John G. Roberts Jr., chief justice of the United States of America.

“You’re really just making your case too easy,” Roberts told Douglas Laycock, the respected First Amendment scholar arguing on Holt’s behalf. You’re just saying, “Well, we want to draw the line at a half inch because that lets us win. And the next day someone’s going to be here with one inch. And maybe it’ll be you. And then, you know, two inches.”

You can’t get around the “legal difficulty” of the case by asking for so little, Roberts concluded.

A prisoner who wants a full beard will likely petition the court some day, Laycock replied. But that plaintiff is not before the court today. “So this case is about a half an inch.”

But of course it is about more, as Laycock made clear later in his argument. The Supreme Court, he said, must decide how much deference prison officials get when they decide to limit inmates’ religious observance.

Douglas Laycock, the respected First Amendment scholar arguing on Gregory Holt's behalf, in front of the Supreme Court on Tuesday (Oct.7). Religion News Service photo by Lauren Markoe

Douglas Laycock, the respected First Amendment scholar arguing on Gregory Holt’s behalf, in front of the Supreme Court on Tuesday (Oct.7). Religion News Service photo by Lauren Markoe

“The degree of deference due to the prison,” Laycock said, “depends on the quality of their explanation, the quality of their consideration of the issue, and here there’s no indication they ever considered the religious needs of the prisoners in the adoption of this rule.”

Laycock reiterated the strict standard that the court must apply in answering that question: Does the beard rule reflect a “compelling government interest” and does it represent the “least restrictive” burden on the prisoner’s religious rights to achieve the rule’s goal?

The prison’s goal is security, explained David Curran, the Arkansas deputy attorney general who argued the case before the court on behalf of Ray Hobbs, the director of the state’s Department of Correction. Prisoners can hide all kinds of contraband — drugs, weapons, cell phone SIM cards — in even a short beard, he said. But he rested most of his case on the potential of prisoners to shave and confuse guards as to their true identities. Elsewhere, this may not pose the problem it presents in Arkansas, he said.

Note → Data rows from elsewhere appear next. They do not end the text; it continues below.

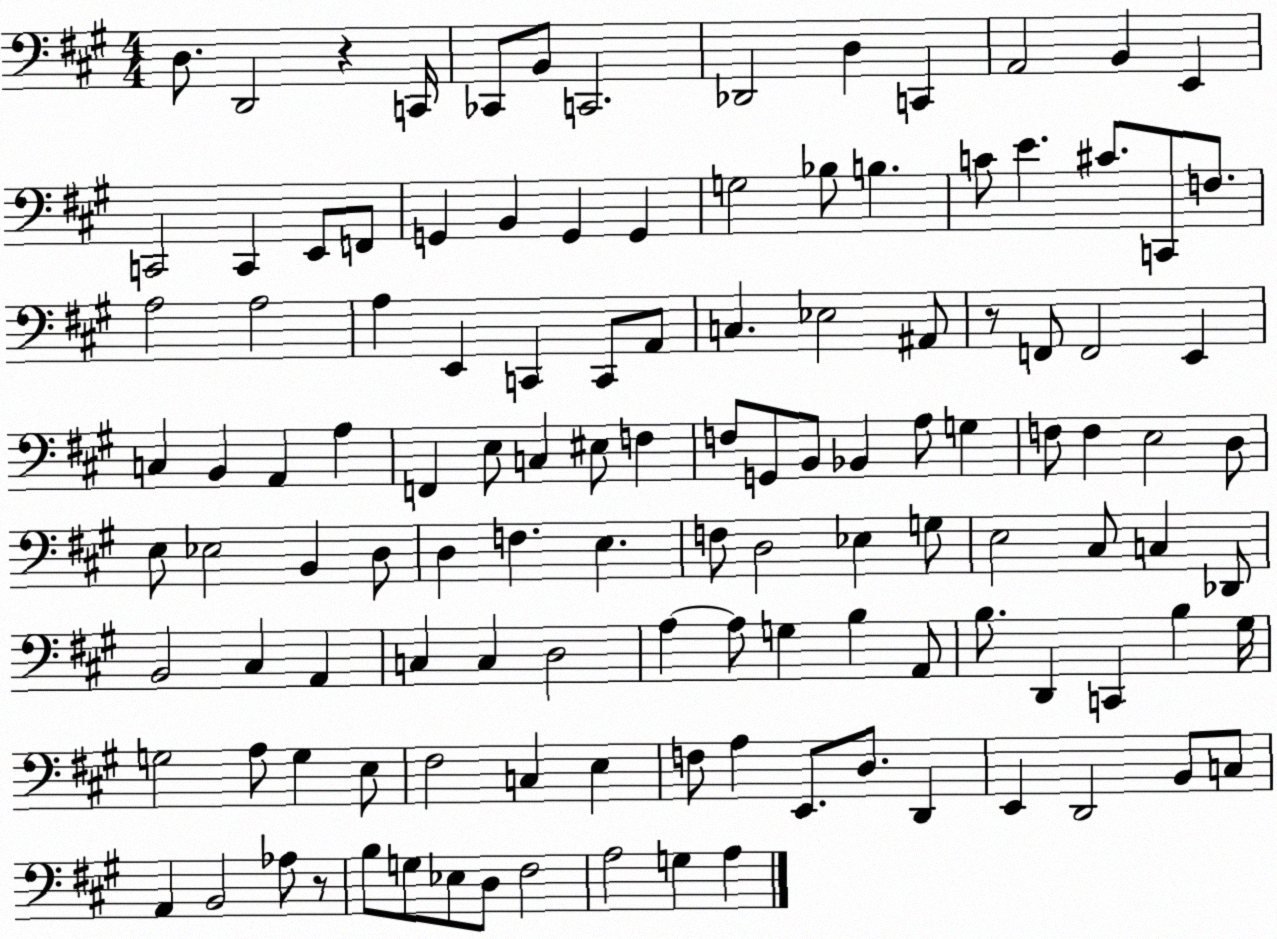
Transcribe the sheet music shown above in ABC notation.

X:1
T:Untitled
M:4/4
L:1/4
K:A
D,/2 D,,2 z C,,/4 _C,,/2 B,,/2 C,,2 _D,,2 D, C,, A,,2 B,, E,, C,,2 C,, E,,/2 F,,/2 G,, B,, G,, G,, G,2 _B,/2 B, C/2 E ^C/2 C,,/2 F,/2 A,2 A,2 A, E,, C,, C,,/2 A,,/2 C, _E,2 ^A,,/2 z/2 F,,/2 F,,2 E,, C, B,, A,, A, F,, E,/2 C, ^E,/2 F, F,/2 G,,/2 B,,/2 _B,, A,/2 G, F,/2 F, E,2 D,/2 E,/2 _E,2 B,, D,/2 D, F, E, F,/2 D,2 _E, G,/2 E,2 ^C,/2 C, _D,,/2 B,,2 ^C, A,, C, C, D,2 A, A,/2 G, B, A,,/2 B,/2 D,, C,, B, ^G,/4 G,2 A,/2 G, E,/2 ^F,2 C, E, F,/2 A, E,,/2 D,/2 D,, E,, D,,2 B,,/2 C,/2 A,, B,,2 _A,/2 z/2 B,/2 G,/2 _E,/2 D,/2 ^F,2 A,2 G, A,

 A view of the Supreme Court on Oct. 7, 2014.  Religion News Service photo by Lauren Markoe

A view of the Supreme Court on Oct. 7, 2014. Religion News Service photo by Lauren Markoe

“We are not like California. We are not like New York. They have cell block housing,” said Curran, explaining that Arkansas maximum security prisoners often live 40 to 60 inmates to a barracks, and spend their days outside the prison compound working in fields.

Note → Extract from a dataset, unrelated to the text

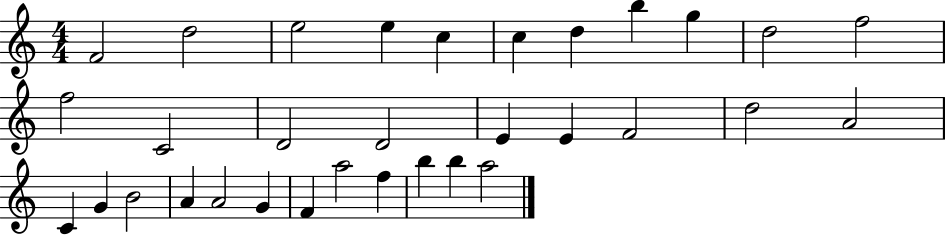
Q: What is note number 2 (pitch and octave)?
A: D5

“We think if deference means anything, it means you don’t have to copy the prison policies of other states who don’t even have the similar security concerns that we do,” Curran said.

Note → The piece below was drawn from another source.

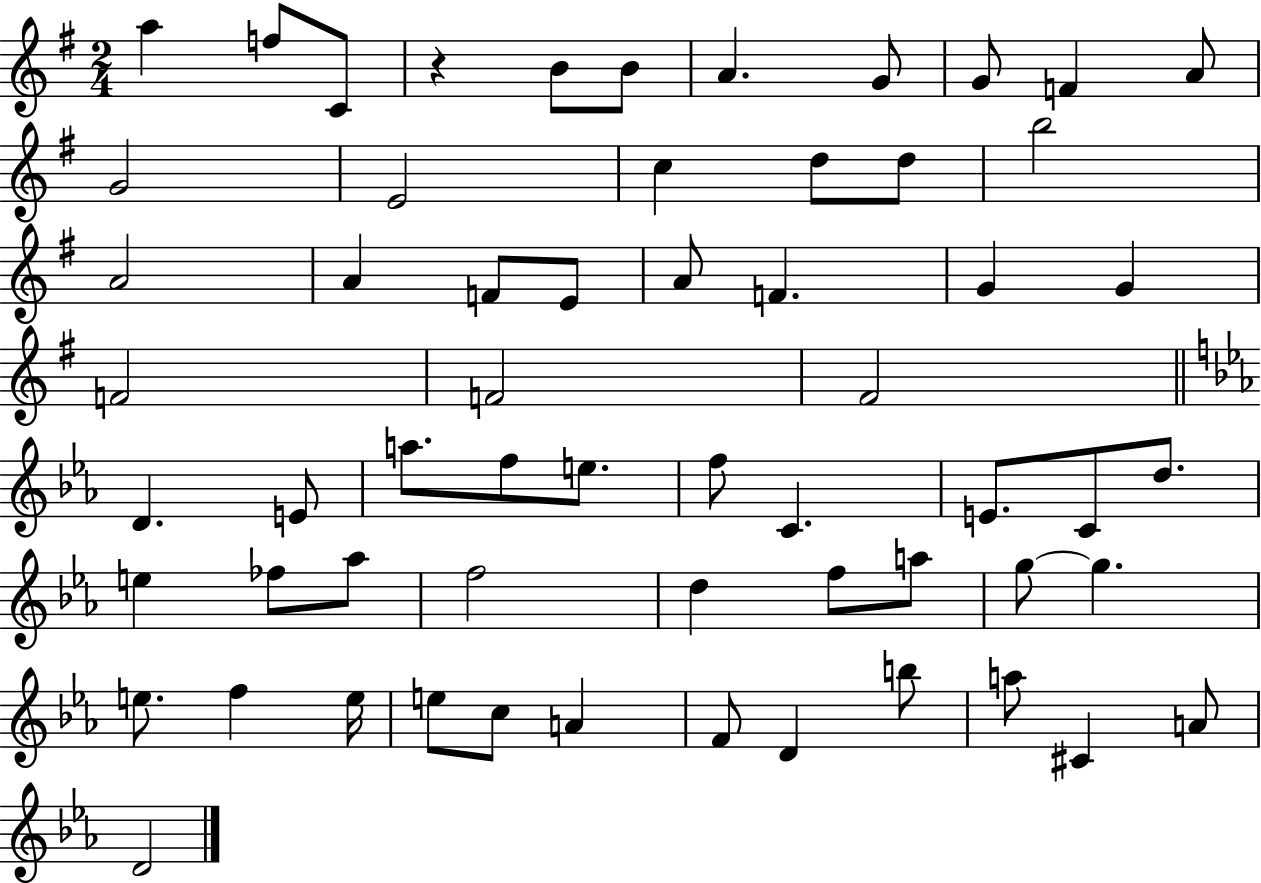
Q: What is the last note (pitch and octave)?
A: D4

Holt, imprisoned for stabbing his former girlfriend in the chest and neck, has repeatedly stated his intention to harm public officials and pleaded guilty to threatening to kidnap and harm the daughters of former President George W. Bush. He has declared himself  “at war” with the prison barber and has threatened to hurt him.

"Having a beard is not a commandment in Islam," said Sayyid M. Syeed of the Islamic Society of North America, outside the courthouse. Religion News Service photo by Lauren Markoe

“Having a beard is not a commandment in Islam,” said Sayyid M. Syeed of the Islamic Society of North America, outside the courthouse. Religion News Service photo by Lauren Markoe

Despite his behavior in and out of prison, a diversity of interest groups wrote briefs in support of Holt’s case, including Americans United for Separation of Church and State, the International Mission Board of the Southern Baptist Convention, and the American Jewish Committee. With Laycock, the conservative Becket Fund for Religious Liberty prepared Holt’s case in Holt v. Hobbs.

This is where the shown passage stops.